Du coup, les gradés US plastronnent: “Si vous nous frappez, nous répondrons agressivement”…
On a vu atmosphère plus cordiale entre alliés!
Le projet de Poutine
La volonté d’enfoncer un coin dans les relations américano-turques n’est pas la seule motivation de Moscou qui avait explicité ses projets pour la Syrie lors du premier sommet d’Astana entre la Turquie, l’Iran et la Russie, en janvier 2017.
Ces projets prévoient une reconnaissance politique et administrative pour les Kurdes, mais à l’Est de l’Euphrate. Le canton d’Afrin, situé nettement à l’Ouest, doit quant à lui revenir à Damas. Poutine a donc vu dans l’offensive turque un moyen de parvenir à ses fins.
Al-Monitor rapporte ainsi les propos d’un leader kurde d’Afrin: “Les forces Kurdes de Syrie ont reçu un ultimatum: laissez vos positions au régime syrien ou affrontez la fureur d’Ankara. Ils ont choisi de rester et la Turquie a lancé son assaut sur Afrin”.
Les projets de Poutine prévoient
une reconnaissance politique et administrative
pour les Kurdes, mais à l’Est de l’Euphrate.

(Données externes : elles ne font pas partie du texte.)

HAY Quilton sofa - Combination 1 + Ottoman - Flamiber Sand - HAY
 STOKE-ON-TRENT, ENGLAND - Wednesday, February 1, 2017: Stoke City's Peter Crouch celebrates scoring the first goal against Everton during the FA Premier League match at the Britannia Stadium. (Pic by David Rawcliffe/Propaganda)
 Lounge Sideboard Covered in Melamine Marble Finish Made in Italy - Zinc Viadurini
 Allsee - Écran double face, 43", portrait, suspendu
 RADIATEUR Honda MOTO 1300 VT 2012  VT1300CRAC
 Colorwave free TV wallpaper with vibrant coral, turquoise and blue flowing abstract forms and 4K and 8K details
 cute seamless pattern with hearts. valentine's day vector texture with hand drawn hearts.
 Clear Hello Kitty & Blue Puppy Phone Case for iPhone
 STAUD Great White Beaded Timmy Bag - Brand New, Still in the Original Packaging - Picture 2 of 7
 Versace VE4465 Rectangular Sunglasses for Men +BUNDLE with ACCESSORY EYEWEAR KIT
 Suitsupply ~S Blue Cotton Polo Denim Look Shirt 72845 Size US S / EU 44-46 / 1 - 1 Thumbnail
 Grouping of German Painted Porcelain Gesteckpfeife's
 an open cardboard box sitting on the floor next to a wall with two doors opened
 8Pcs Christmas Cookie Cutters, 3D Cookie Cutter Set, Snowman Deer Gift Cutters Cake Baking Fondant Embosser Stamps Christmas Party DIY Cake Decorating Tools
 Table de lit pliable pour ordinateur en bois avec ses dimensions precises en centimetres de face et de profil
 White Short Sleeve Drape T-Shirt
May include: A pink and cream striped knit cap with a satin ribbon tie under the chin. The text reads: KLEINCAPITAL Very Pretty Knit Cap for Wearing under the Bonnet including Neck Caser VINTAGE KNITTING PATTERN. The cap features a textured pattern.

Le canton d’Afrin, situé nettement à l’Ouest,
doit quant à lui revenir à Damas.
Les Kurdes semblent avoir réagi selon les prévisions du Kremlin en demandant à Damas “de protéger ses frontières avec la Turquie des attaques de l’occupant turc”. Au terme de négociations secrètes et après de nombreuses fausses rumeurs, des forces pro-régime sont arrivées à Afrin pour prêter main forte aux Kurdes, mais ce soutien n’a pas été suffisant : au terme de 58 jours de combats, Afrin est tombée le 18 mars. Selon les estimations, entre 100.000 et 150.000 habitants ont fui la ville à l’arrivée des forces turques et de leurs alliés… Erdogan peut maintenant se concentrer sur Manbij où sont stationnées des troupes américaines. La perspective d’un affrontement entre la Turquie et les Etats-Unis semble donc se concrétiser chaque jour davantage. Pour Poutine, il semblerait que ce soit un enjeu qui justifie le sacrifice des Kurdes.